Study is an attempt to compile a complete and systematic data to be reviewed and analyzed to health and nursing problems of the patient’s face either physical, mental, social or spiritual can ditentukan.tahap includes three activities, namely data collection, data analysis and determination of health problems and nursing.
a. Data collection
Obtained data and information about health problems in patients who have to be able to determine what action to take to solve the problem concerning the aspects of physical, mental, social and spiritual and environmental factors that affect it. Such data must be accurate and easily analyzed.
Other types of data:
Objective data, that the data collected through a survey, inspection, and surveillance, for instance body temperature, blood pressure, and skin color.
Subjekif data, ie data obtained from the patient’s perceived grievances, or the patient’s family / other witnesses, namely, head dizzy, pain and nausea.
Now the focus of data collection include:
Previous and current health status
Koping pattern before and now
Function of previous and current status
Response to medical therapy and nursing actions
Risk for potential problems
The things that have been an inducement or force the client
b. Data analysis
Analysis of the data is the ability to expand our ability to think rationally according to background knowledge.
c. Formulation of the problem
Once the data analysis is done, it can be concluded some health problems. The health problems that could have intervened with Nursing (Nursing problem) but some are not and are more in need of medical action. Nursing diagnosis is further sorted according to priority.
Priority is determined based on criteria important problem and soon.
Includes significant turmoil and when not addressed will cause complications, including Instant whereas such time on stroke patients who do not consciously then action should be taken immediately to prevent more serious complications or death.
Priority problems can also be determined based on need according to Maslow’s hierarchy, namely: life-threatening condition, a condition that threatens the health, perceptions of health and nursing.
2. Nursing Diagnosis
Nursing diagnosis is a statement explaining the human response (health status or risk change pattern) from individuals or groups where caregivers are able to identify and provide accountability for certain interventions to maintain health status reduce, limit, prevent and transform (Carpenito, 2000).
Formulation of nursing diagnosis:
Actual: Explaining the real problem at this time according to clinic data found.
Risk: Explaining the apparent health problems will occur if no intervention is done.
Possibilities: Explaining that there should be additional data to ensure the possibility of nursing problems.
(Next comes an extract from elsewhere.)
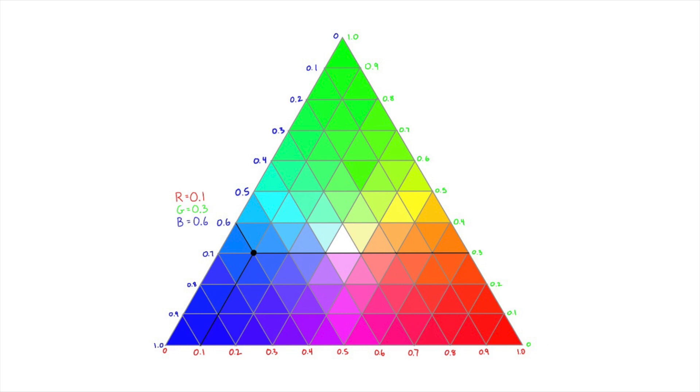The difference between the primary colors of paint as opposed to light comes because pigments absorb light, whereas light sources are emitting light.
Wellness: Results of the clinic on the condition of individuals, families or communities in the transition from the level of certain prosperous prosperous ketingkat higher.
Syndrome: the diagnosis group consisting dar actual nursing diagnosis and the predicted high risk appear / arise because of a particular event or situation.
3. Nursing plan
All acts done by the nurse to help clients shift from the current health status of the health kestatus describe the expected results in (Gordon, 1994).
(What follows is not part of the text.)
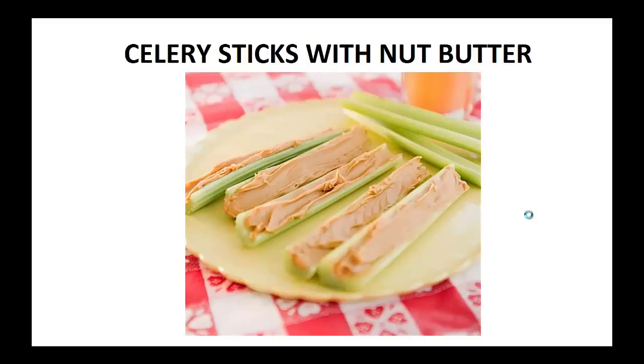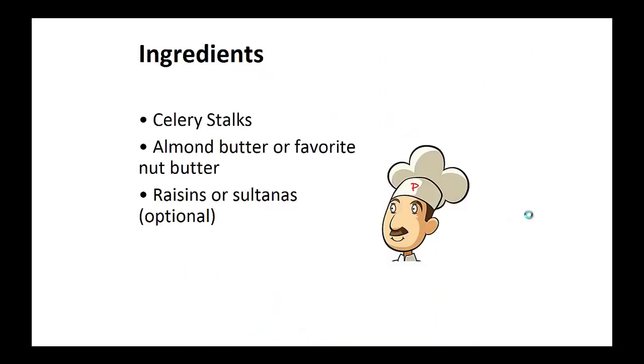Now on to the recipe: celery sticks with nut butter. Ingredients: celery stalks, almond butter or your favorite nut butter, and raisins or sultanas — optional.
Is written guidelines for client care. Organized treatment plan so that each nurse can quickly identify treatment given action. Nursing care plan which accurately summarize konyinuitas facilitating care from a nurse care to other caregivers. As a result, all nurses have the opportunity to provide high-quality care and consistency.
Nursing care plan written by a nurse arranging exchange information in exchange reporting service. Written treatment plan includes a long-term client needs (Potter, 1997)
4. Implementation of nursing
Is an initiative of the plan of action to achieve a specific purpose. The level of implementation of the action plans initiated starting after compiled and directed at nursing orders to help clients achieve the desired purpose. Therefore a specific action plan implemented to modify the factors that affect the client’s health problems.
As for the levels of the nursing action is as follows:
Stage 1: preparation
Early stages of nursing action is demanded to evaluate the diindentifikasi nurse at the planning stage.
Level 2: the intervention
Focus the implementation of nursing actions are activities and implementation of the action plan to meet the emotional and physical needs. Nursing action includes action approach: independent, dependent, and interdependen.
Level 3: documentation
Implementation of nursing actions should be followed by a complete and accurate recording of an event in the nursing process.
Load planning criteria evaluation process results and outcomes of nursing actions. Results can be seen in the way the process of comparing the process with guidelines / plan process. While the results can be seen by comparing the actions of the patient’s level of independence in daily life and the patient’s level of health with the aim of progress that has been previously summarized.
Target evaluation is as follows:
Nursing care process, based on the criteria / articles that have been compiled.
Results nursing actions, based on the success criteria that have been formulated in the evaluation plan.
There are 3 possible results of the evaluation, namely:
The aim is reached, when the patient has shown improvement / progress in accordance with predetermined criteria.
Achieved some purpose, when the goal is not reached it’s full potential, so that should be looking for causes and ways to overcome them.
The aim is not achieved, when the patient showed no change / improvement at all but this problem arises baru.dalam caregivers need to examine in more detail whether there is data, analysis, diagnosis, action, and other factors that do not fit, which is why no achievement of goals.
Having a nurse to do the whole process of nursing research to evaluate the patient’s reach, all actions must be documented correctly in nursing documentation.
Documentation is everything that is written or printed as a record of reliable evidence of the authorized person (Potter 2005).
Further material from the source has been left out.